▶ **Work to be completed**
Would you output the lines from the one containing "Hi Kuren. Unfortunately" through the final line of the entries, exactly and with pictures omitted?
[Input]
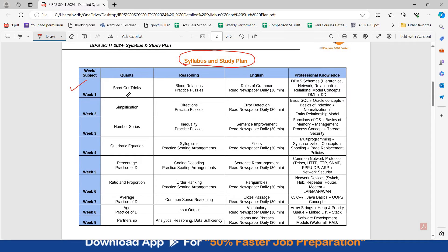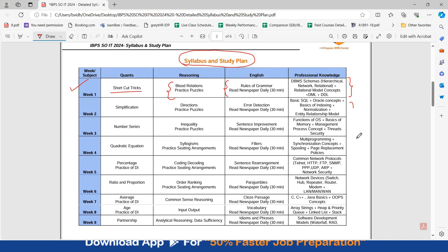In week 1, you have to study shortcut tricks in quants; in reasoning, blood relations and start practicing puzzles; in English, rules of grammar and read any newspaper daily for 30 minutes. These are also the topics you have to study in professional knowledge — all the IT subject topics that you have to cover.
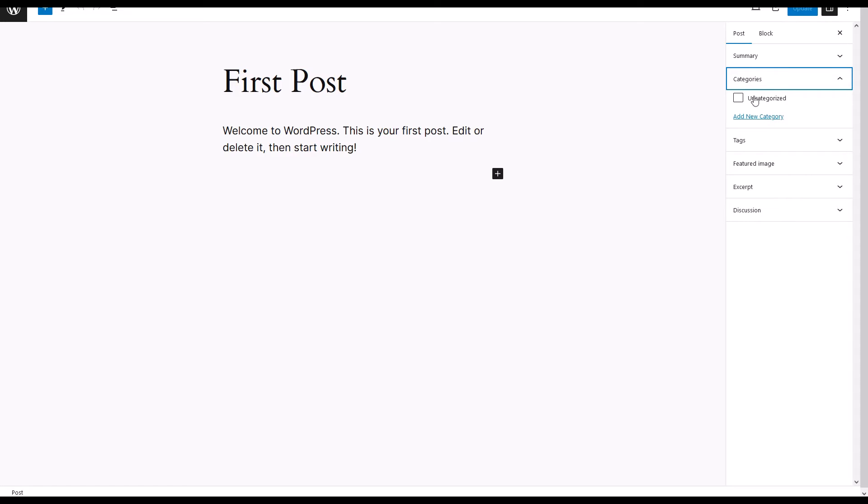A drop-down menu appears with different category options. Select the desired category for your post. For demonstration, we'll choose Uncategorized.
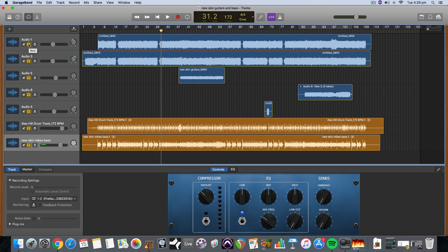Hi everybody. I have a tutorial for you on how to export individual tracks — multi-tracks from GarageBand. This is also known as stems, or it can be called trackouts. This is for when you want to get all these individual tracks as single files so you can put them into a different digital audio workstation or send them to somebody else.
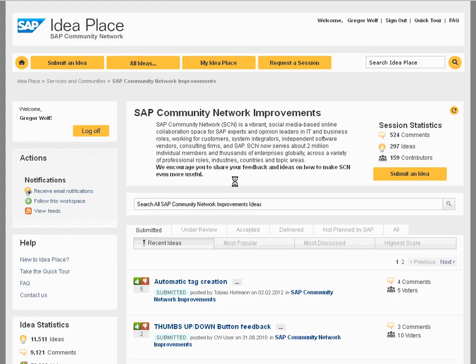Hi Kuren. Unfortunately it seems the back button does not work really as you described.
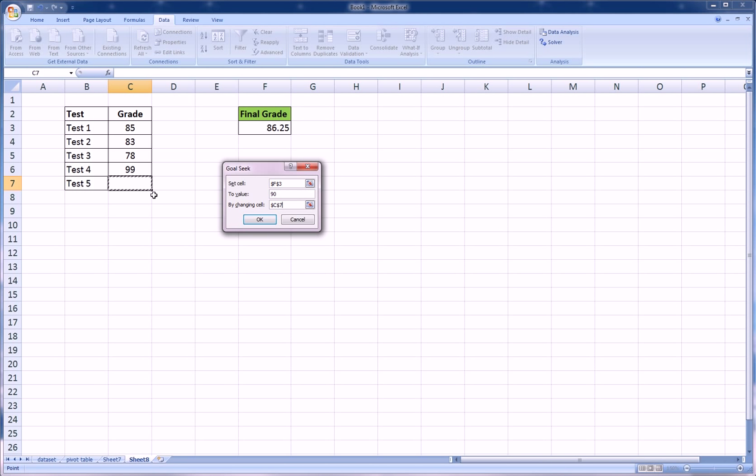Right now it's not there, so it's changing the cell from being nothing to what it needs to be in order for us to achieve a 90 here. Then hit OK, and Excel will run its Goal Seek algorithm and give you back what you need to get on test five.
[/Input]
▶ **Exercise answer**
Hi Kuren. Unfortunately it seems the back button does not work really as you described.
Right now it's not there, so it's changing the cell from being nothing to what it needs to be in order for us to achieve a 90 here. Then hit OK, and Excel will run its Goal Seek algorithm and give you back what you need to get on test five.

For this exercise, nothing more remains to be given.